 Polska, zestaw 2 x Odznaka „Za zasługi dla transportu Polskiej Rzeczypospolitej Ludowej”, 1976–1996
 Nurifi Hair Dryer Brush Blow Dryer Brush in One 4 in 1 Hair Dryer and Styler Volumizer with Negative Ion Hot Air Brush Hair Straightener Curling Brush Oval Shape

━━━━

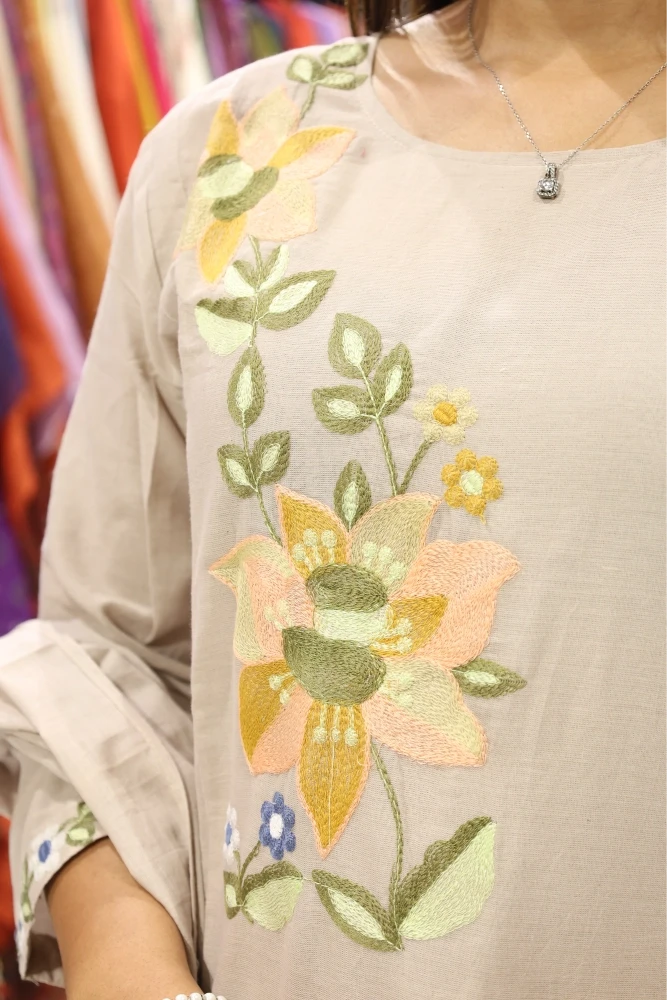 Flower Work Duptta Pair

━━━━

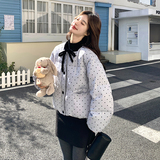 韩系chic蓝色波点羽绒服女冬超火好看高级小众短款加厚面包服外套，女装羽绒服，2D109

━━━━

### Aim of the exercise
The lines to extract from the data above begin with the line containing "Polska, zestaw 2" and end with the line containing "Nurifi Hair Dryer". Extract them exactly, including both.

### Result below
 Polska, zestaw 2 x Odznaka „Za zasługi dla transportu Polskiej Rzeczypospolitej Ludowej”, 1976–1996
 Nurifi Hair Dryer Brush Blow Dryer Brush in One 4 in 1 Hair Dryer and Styler Volumizer with Negative Ion Hot Air Brush Hair Straightener Curling Brush Oval Shape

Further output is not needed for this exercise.